Another common concern was regarding computational time of our approaches.

The joint AR approach does come with an increased computational cost as opposed to other techniques from the literature, but we believe that the rapid advances in diffusion model sampling could bring this cost down. However, the universal amortised model has a similar computational cost to SOTA methods (PDE-Refiner). This is not apparent in the paper and as such we included an extra figure in the PDF (see Fig. 7) that shows that while in the main text we used 128 diffusion steps, the amortised model can achieve similar performance with as few as 16 diffusion steps. We will include this finding in the updated version of the manuscript. For a more detailed analysis of computational cost, please also see response to reviewer D3JV.

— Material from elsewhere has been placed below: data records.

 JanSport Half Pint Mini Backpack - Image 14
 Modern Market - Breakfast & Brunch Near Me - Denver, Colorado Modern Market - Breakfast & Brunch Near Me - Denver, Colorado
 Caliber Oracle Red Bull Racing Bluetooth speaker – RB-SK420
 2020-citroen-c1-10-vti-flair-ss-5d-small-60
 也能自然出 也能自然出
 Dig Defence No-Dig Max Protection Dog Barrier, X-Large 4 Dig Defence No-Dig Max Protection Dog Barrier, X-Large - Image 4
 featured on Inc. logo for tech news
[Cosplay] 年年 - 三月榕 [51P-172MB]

We hope we addressed most of your questions and concerns and are looking forward to further engaging with you in the discussion period.

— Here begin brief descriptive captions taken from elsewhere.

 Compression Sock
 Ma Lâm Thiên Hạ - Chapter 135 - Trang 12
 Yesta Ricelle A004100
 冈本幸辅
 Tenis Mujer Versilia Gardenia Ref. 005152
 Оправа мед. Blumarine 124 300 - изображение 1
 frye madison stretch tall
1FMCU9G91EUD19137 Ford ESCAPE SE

[1] Lippe, P., Veeling, B. S., Perdikaris, P., Turner, R. E., and Brandstetter, J. (2023). PDERefiner: Achieving Accurate Long Rollouts with Neural PDE Solvers. In Thirty-Seventh Conference on Neural Information Processing Systems.

[2] Georg Kohl, Li-Wei Chen, and Nils Thuerey. Turbulent flow simulation using autoregressive conditional diffusion models. 2023.

评论

Dear authors and reviewers,

The authors-reviewers discussion period has now started.

@Reviewers: Please read the authors' response, ask any further questions you may have or at least acknowledge that you have read the response. Consider updating your review and your score when appropriate. Please try to limit borderline cases (scores 4 or 5) to a minimum. Ponder whether the community would benefit from the paper being published, in which case you should lean towards accepting it. If you believe the paper is not ready in its current form or won't be ready after the minor revisions proposed by the authors, then lean towards rejection.

@Authors: Please keep your answers as clear and concise as possible.

The AC

最终决定

The reviewers unanimously recommend acceptance (7-7-6-6-7). The author-reviewer discussion has been constructive and has led to a number of improvements to the paper. The authors are asked to implement the changes discussed with the reviewers in the final version of the paper.